Directions
Quote all entries exactly, leaving pictures aside.

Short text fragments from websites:

--------

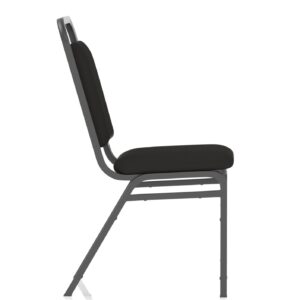 FeastLine Stacking Chair - Image 16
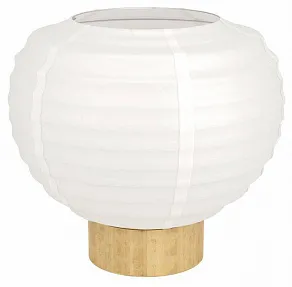 Настольная лампа декоративная Eglo SUMMERHILL 44067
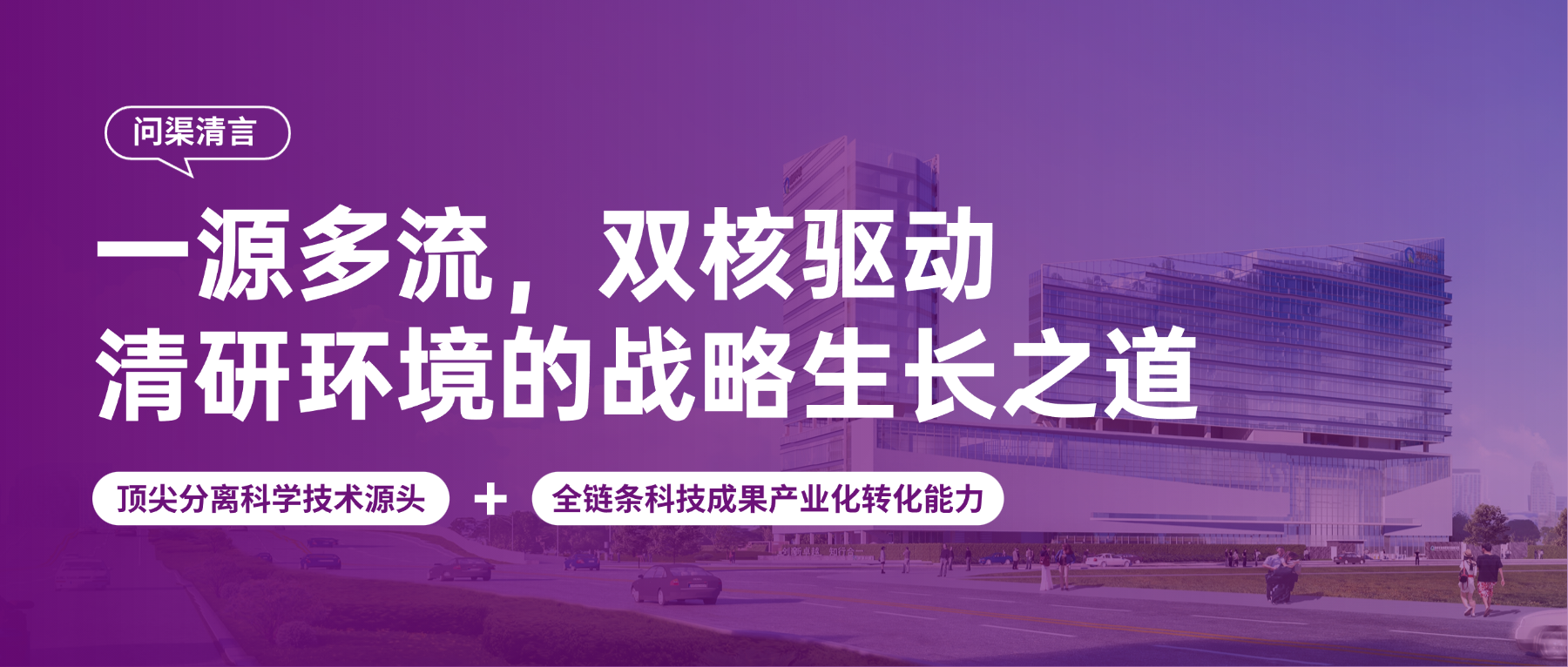 20260831195344795 FH至尊·(中国)有限公司官网
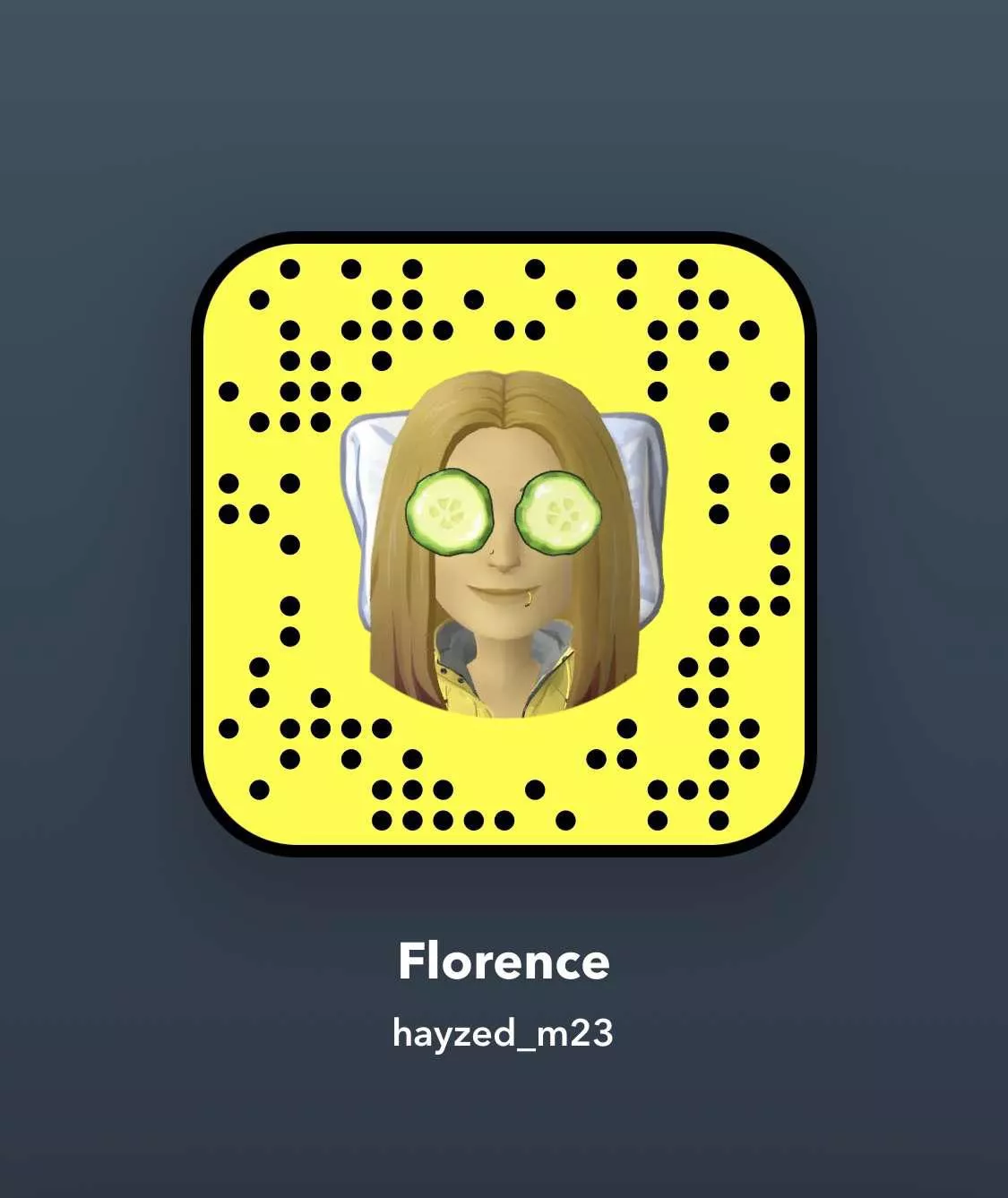 I’m available for sexting and FaceTime with masturbating video till you cum but I charged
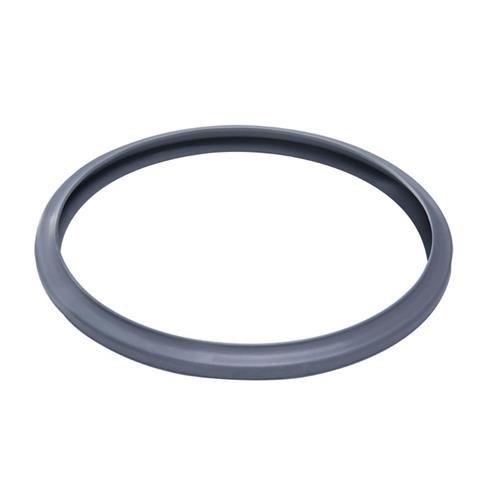 Anel de Silicone para Panela de Pressão - Guamantec Imagem de Anel de Silicone para Panela de Pressão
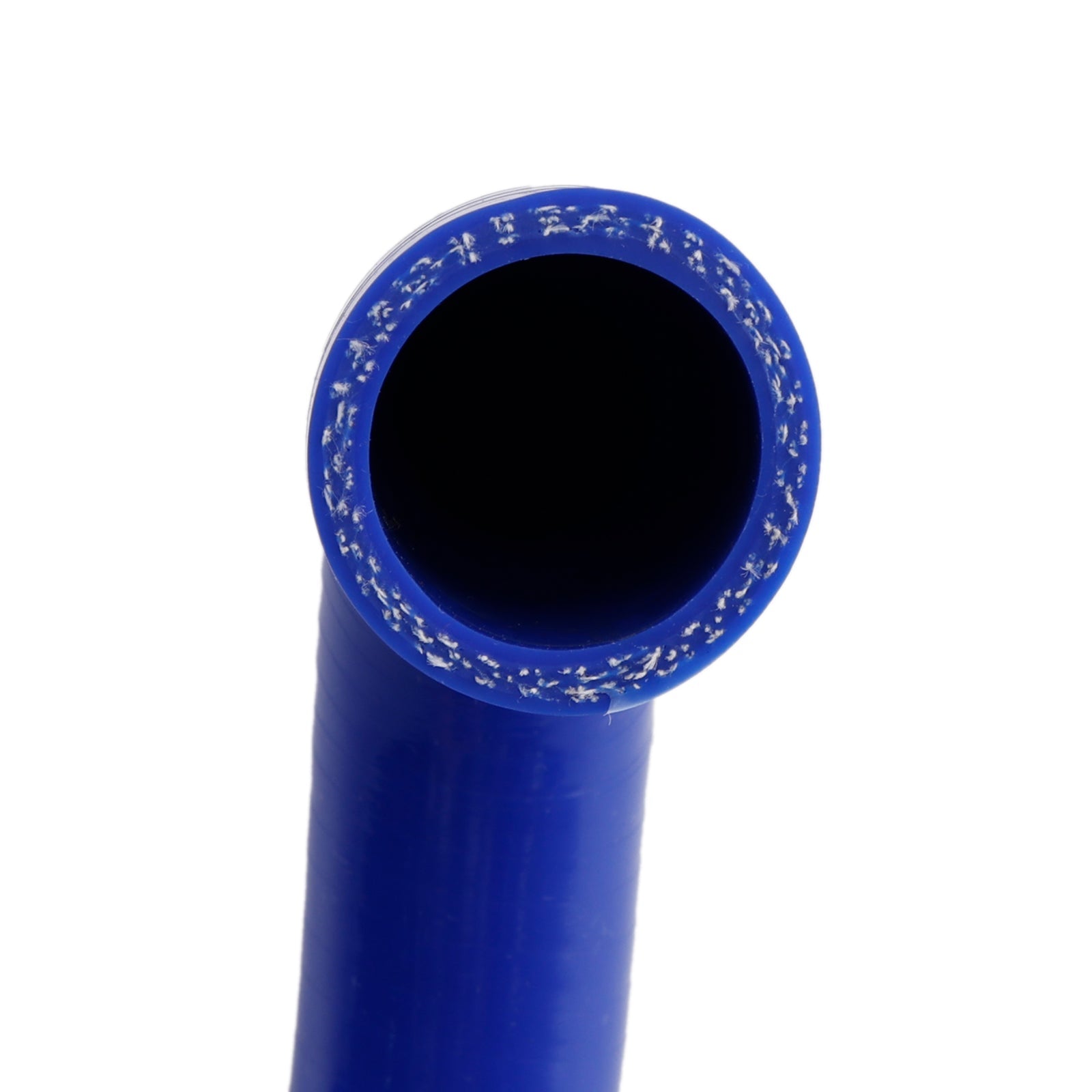 Yamaha MT-09 XSR900 Tracer 9/GT all years Silicone Radiator coolant Hose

--------

Answer to the problem
 FeastLine Stacking Chair - Image 16
 Настольная лампа декоративная Eglo SUMMERHILL 44067
 20260831195344795 FH至尊·(中国)有限公司官网
 I’m available for sexting and FaceTime with masturbating video till you cum but I charged
 Anel de Silicone para Panela de Pressão - Guamantec Imagem de Anel de Silicone para Panela de Pressão
 Yamaha MT-09 XSR900 Tracer 9/GT all years Silicone Radiator coolant Hose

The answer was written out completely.